• [Dataset items]

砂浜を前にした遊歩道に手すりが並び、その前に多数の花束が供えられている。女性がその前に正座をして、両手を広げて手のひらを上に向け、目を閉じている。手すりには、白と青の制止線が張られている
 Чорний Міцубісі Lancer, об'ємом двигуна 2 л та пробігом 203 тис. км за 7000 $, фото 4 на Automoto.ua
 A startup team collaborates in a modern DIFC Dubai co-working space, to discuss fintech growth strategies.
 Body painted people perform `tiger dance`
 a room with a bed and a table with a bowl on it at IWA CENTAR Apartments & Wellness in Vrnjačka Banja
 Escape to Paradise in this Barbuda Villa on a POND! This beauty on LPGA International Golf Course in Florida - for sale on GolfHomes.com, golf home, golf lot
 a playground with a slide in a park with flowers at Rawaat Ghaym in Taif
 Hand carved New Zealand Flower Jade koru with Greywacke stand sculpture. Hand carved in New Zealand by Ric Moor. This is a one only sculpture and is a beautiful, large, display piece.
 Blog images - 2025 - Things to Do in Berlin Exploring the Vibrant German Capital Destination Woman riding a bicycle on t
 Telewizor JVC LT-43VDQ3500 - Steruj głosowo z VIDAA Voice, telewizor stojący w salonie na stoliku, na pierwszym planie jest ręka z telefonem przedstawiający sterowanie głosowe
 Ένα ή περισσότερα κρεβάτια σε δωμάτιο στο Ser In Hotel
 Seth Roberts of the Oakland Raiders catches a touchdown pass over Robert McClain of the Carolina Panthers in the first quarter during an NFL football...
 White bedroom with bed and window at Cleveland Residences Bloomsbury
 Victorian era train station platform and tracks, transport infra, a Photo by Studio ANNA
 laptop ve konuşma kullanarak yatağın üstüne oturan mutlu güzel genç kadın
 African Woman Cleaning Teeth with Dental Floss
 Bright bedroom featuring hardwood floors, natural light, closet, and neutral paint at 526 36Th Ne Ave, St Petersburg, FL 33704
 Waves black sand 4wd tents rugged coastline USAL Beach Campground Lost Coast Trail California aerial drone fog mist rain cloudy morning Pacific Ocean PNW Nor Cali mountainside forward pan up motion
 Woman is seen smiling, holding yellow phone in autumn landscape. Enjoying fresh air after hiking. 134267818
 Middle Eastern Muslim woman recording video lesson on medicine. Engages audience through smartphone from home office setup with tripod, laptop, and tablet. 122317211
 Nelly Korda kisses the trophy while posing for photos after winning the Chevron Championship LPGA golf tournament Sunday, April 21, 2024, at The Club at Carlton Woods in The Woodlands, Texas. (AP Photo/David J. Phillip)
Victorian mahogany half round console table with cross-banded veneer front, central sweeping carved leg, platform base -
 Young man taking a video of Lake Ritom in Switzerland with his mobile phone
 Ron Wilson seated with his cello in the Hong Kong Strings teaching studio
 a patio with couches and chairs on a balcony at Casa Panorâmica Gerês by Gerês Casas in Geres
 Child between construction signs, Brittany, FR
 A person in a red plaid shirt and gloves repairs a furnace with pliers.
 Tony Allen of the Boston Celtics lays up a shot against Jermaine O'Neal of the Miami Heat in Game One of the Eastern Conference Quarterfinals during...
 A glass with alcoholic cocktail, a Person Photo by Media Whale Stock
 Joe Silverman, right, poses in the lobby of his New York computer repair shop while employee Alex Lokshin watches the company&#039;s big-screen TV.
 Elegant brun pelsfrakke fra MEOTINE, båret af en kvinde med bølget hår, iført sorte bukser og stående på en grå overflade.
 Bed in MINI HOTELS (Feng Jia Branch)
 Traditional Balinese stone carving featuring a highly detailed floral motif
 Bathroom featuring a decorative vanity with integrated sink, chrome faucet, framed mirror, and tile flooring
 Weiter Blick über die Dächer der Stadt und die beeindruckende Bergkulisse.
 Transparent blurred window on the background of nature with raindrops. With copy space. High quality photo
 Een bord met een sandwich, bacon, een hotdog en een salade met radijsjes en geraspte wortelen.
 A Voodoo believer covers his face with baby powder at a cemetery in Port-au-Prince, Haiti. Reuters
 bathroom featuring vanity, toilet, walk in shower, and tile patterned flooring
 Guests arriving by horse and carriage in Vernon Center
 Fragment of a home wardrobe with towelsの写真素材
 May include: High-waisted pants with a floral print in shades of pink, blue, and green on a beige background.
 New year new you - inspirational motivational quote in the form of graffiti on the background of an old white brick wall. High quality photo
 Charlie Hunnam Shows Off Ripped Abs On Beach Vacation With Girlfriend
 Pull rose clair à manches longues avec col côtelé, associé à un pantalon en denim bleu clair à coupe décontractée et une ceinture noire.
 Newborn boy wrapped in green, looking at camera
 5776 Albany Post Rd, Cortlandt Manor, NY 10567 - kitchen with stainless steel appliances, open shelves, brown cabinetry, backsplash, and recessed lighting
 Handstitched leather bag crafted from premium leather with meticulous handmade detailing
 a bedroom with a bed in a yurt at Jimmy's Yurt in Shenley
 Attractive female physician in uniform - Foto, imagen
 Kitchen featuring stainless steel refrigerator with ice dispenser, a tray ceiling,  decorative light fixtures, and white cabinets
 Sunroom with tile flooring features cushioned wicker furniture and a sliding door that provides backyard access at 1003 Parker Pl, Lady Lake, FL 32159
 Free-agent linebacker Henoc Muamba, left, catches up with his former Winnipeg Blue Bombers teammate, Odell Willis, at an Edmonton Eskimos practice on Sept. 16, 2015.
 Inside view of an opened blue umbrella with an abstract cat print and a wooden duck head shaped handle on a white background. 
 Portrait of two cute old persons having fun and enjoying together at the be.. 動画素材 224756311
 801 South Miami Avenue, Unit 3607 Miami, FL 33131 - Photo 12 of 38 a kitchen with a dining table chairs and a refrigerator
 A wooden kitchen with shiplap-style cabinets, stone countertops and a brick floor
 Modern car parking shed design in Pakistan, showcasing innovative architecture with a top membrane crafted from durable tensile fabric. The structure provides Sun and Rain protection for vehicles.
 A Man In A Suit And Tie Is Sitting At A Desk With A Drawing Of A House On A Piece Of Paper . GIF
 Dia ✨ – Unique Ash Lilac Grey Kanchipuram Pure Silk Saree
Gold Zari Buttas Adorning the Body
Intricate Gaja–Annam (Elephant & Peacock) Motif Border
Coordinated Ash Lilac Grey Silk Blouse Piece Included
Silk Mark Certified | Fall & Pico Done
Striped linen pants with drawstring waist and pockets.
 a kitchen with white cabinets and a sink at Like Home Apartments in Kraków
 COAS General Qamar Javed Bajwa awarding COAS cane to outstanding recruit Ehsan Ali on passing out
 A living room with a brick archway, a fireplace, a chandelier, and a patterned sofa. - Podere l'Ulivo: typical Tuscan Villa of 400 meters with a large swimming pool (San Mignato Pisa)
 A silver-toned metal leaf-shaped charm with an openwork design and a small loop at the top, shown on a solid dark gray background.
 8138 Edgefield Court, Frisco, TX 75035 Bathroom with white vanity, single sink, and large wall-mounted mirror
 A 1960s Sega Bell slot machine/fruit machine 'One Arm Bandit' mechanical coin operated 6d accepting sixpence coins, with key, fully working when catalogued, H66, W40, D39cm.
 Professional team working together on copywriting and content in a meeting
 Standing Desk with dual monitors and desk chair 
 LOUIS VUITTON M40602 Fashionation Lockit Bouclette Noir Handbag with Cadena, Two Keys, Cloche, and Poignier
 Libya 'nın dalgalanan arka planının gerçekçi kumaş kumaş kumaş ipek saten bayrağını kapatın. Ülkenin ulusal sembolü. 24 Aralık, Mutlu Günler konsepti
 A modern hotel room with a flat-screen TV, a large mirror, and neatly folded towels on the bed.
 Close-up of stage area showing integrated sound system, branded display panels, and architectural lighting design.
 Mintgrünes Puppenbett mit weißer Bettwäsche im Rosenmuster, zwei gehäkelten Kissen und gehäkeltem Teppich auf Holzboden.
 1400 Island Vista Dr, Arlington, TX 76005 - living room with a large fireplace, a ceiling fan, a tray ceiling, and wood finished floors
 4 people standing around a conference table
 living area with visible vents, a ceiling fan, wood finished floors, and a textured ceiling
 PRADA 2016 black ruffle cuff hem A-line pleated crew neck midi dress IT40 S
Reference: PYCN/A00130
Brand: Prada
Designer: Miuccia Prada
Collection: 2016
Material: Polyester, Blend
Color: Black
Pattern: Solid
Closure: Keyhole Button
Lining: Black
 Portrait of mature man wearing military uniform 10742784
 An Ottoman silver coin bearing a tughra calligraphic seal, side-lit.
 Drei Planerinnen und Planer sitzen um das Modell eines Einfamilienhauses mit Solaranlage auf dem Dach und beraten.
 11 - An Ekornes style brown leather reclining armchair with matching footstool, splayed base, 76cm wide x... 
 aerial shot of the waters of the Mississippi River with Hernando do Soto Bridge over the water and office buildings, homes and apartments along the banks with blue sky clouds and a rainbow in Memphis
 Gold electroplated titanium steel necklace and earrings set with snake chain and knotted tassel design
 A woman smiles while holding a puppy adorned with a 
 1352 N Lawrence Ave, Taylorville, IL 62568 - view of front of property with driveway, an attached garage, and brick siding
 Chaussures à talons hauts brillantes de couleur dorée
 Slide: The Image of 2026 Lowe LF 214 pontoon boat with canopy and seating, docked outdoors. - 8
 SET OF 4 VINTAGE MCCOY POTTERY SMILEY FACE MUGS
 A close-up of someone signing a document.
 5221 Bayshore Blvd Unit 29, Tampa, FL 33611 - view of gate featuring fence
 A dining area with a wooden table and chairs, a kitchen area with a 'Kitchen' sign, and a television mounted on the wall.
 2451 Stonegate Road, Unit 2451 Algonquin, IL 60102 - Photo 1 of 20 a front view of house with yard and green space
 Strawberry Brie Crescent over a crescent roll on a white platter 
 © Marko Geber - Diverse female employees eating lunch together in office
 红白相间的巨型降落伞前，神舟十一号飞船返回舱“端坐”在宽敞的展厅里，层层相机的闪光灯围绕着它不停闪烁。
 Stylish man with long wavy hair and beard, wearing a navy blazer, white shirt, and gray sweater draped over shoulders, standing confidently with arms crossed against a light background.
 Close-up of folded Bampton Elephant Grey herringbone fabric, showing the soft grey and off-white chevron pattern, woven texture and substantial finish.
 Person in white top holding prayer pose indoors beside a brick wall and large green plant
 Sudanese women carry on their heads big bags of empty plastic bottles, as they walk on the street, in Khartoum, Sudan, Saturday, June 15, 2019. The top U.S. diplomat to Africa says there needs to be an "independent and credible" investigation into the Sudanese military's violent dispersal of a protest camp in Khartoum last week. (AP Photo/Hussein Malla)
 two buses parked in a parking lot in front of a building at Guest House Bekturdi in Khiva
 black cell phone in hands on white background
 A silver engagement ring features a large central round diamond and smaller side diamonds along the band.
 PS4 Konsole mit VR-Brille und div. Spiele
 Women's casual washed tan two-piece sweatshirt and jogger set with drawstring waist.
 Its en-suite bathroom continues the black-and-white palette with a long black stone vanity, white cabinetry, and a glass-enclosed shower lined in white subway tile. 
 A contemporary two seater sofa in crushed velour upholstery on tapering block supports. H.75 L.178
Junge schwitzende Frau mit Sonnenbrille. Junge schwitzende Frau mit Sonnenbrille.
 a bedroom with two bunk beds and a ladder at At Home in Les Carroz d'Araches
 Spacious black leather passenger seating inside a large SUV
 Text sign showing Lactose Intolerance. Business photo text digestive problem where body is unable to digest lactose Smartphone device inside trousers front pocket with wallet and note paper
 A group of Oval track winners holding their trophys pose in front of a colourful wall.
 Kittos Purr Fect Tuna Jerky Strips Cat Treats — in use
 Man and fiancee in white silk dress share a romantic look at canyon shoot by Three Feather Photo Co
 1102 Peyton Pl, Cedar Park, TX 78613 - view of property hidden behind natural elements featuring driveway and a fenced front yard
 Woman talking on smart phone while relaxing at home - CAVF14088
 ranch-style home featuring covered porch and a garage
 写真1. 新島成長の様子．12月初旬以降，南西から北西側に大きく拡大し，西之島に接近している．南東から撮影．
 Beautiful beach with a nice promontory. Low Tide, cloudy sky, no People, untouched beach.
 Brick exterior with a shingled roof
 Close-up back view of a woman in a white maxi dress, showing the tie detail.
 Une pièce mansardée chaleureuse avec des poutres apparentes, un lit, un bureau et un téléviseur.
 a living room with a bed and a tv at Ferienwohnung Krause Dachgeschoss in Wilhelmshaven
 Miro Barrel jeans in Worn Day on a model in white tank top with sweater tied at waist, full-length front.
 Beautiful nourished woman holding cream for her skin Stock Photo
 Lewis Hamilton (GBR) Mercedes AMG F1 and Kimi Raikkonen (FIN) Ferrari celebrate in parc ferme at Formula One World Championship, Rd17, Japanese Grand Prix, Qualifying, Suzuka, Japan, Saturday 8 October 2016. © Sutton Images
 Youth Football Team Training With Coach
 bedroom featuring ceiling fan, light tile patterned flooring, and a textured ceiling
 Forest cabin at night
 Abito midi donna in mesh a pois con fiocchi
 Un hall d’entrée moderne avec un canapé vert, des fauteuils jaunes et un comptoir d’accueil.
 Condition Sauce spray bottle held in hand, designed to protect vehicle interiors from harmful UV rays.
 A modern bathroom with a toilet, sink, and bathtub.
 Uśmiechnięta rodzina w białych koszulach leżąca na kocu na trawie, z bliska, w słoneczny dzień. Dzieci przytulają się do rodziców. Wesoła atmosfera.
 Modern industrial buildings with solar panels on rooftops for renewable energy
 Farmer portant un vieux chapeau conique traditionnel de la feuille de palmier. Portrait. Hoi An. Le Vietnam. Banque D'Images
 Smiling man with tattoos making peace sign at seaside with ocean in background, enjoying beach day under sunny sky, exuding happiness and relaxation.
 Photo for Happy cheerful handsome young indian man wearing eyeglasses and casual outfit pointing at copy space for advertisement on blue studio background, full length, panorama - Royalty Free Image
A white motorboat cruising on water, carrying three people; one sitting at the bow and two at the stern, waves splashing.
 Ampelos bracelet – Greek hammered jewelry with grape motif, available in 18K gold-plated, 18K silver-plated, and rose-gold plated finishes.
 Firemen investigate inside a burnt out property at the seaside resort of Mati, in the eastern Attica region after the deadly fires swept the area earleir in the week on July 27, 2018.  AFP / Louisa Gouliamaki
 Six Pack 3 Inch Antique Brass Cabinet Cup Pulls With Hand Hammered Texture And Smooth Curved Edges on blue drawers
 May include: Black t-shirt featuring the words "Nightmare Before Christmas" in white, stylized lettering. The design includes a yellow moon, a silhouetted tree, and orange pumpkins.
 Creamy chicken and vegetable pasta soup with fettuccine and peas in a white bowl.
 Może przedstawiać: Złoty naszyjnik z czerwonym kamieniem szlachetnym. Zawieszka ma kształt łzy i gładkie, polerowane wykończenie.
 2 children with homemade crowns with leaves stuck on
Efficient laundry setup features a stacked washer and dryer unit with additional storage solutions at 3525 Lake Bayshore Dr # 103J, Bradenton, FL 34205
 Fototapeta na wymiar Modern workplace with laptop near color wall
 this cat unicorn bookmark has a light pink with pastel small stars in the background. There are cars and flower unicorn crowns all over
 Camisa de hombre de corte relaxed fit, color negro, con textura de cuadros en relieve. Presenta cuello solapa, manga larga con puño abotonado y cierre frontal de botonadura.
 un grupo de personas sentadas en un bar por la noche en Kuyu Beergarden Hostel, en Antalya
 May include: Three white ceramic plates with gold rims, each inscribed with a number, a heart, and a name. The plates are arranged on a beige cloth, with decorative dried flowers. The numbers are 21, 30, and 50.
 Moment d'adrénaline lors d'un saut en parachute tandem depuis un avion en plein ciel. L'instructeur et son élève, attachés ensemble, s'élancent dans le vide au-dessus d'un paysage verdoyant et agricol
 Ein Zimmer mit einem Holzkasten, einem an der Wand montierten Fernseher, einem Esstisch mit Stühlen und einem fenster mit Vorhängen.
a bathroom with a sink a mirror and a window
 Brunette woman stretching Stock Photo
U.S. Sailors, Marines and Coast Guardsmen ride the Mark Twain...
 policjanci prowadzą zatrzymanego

• [Work instruction] Please write out, exactly as they appear above, only the lines in the stretch from the line with "A group of Oval" through the line with "Forest cabin at night".

• [Your response]
 A group of Oval track winners holding their trophys pose in front of a colourful wall.
 Kittos Purr Fect Tuna Jerky Strips Cat Treats — in use
 Man and fiancee in white silk dress share a romantic look at canyon shoot by Three Feather Photo Co
 1102 Peyton Pl, Cedar Park, TX 78613 - view of property hidden behind natural elements featuring driveway and a fenced front yard
 Woman talking on smart phone while relaxing at home - CAVF14088
 ranch-style home featuring covered porch and a garage
 写真1. 新島成長の様子．12月初旬以降，南西から北西側に大きく拡大し，西之島に接近している．南東から撮影．
 Beautiful beach with a nice promontory. Low Tide, cloudy sky, no People, untouched beach.
 Brick exterior with a shingled roof
 Close-up back view of a woman in a white maxi dress, showing the tie detail.
 Une pièce mansardée chaleureuse avec des poutres apparentes, un lit, un bureau et un téléviseur.
 a living room with a bed and a tv at Ferienwohnung Krause Dachgeschoss in Wilhelmshaven
 Miro Barrel jeans in Worn Day on a model in white tank top with sweater tied at waist, full-length front.
 Beautiful nourished woman holding cream for her skin Stock Photo
 Lewis Hamilton (GBR) Mercedes AMG F1 and Kimi Raikkonen (FIN) Ferrari celebrate in parc ferme at Formula One World Championship, Rd17, Japanese Grand Prix, Qualifying, Suzuka, Japan, Saturday 8 October 2016. © Sutton Images
 Youth Football Team Training With Coach
 bedroom featuring ceiling fan, light tile patterned flooring, and a textured ceiling
 Forest cabin at night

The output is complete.